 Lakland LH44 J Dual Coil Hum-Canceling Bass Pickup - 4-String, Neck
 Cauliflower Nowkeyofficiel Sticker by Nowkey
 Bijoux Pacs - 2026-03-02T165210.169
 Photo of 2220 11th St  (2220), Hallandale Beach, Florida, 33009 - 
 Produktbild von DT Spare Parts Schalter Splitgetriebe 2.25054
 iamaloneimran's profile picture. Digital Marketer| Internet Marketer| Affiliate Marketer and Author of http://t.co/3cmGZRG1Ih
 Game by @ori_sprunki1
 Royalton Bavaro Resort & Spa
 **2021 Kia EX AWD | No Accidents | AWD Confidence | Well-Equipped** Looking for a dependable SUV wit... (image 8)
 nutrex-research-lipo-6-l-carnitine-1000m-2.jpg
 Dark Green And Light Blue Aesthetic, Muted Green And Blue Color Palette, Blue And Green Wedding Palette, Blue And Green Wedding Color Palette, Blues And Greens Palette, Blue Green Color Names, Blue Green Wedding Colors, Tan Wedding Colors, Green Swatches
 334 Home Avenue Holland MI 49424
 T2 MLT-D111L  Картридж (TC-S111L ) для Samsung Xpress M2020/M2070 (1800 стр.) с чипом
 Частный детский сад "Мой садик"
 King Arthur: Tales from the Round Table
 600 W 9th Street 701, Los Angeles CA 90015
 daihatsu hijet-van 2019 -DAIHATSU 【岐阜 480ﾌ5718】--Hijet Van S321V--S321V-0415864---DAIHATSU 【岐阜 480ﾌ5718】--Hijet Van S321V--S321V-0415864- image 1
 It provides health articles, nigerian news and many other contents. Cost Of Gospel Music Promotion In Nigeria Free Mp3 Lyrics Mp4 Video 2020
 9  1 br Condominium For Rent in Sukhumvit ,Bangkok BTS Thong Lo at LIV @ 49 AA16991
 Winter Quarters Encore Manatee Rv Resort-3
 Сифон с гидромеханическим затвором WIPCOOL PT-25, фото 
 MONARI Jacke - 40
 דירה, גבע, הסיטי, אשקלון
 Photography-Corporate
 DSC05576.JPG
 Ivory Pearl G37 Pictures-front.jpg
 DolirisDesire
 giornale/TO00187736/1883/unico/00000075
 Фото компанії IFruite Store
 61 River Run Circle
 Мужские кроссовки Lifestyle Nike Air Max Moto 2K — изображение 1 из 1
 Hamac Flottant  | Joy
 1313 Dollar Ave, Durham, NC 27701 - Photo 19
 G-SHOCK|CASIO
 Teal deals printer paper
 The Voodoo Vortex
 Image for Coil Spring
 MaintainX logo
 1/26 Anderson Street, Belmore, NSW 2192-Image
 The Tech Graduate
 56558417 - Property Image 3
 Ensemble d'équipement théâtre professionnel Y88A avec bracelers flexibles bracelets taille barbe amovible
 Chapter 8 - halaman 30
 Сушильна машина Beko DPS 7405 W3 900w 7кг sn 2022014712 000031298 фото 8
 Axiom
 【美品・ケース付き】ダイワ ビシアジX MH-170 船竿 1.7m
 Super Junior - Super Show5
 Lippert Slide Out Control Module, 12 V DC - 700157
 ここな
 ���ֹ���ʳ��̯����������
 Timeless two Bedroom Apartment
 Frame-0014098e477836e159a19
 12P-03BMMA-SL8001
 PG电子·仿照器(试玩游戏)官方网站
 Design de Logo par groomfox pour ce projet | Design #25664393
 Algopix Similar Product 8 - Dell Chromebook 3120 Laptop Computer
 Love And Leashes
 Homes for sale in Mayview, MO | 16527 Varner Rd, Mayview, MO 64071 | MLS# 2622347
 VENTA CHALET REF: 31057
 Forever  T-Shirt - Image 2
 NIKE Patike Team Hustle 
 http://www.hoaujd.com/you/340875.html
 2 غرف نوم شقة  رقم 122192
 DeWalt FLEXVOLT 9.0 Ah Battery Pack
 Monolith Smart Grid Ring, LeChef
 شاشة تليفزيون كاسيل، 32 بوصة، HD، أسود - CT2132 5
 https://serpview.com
----------------
What you need to do ▸
Search the entries above for "Street". Return every line that has it.

Task output ▸
 600 W 9th Street 701, Los Angeles CA 90015
 1/26 Anderson Street, Belmore, NSW 2192-Image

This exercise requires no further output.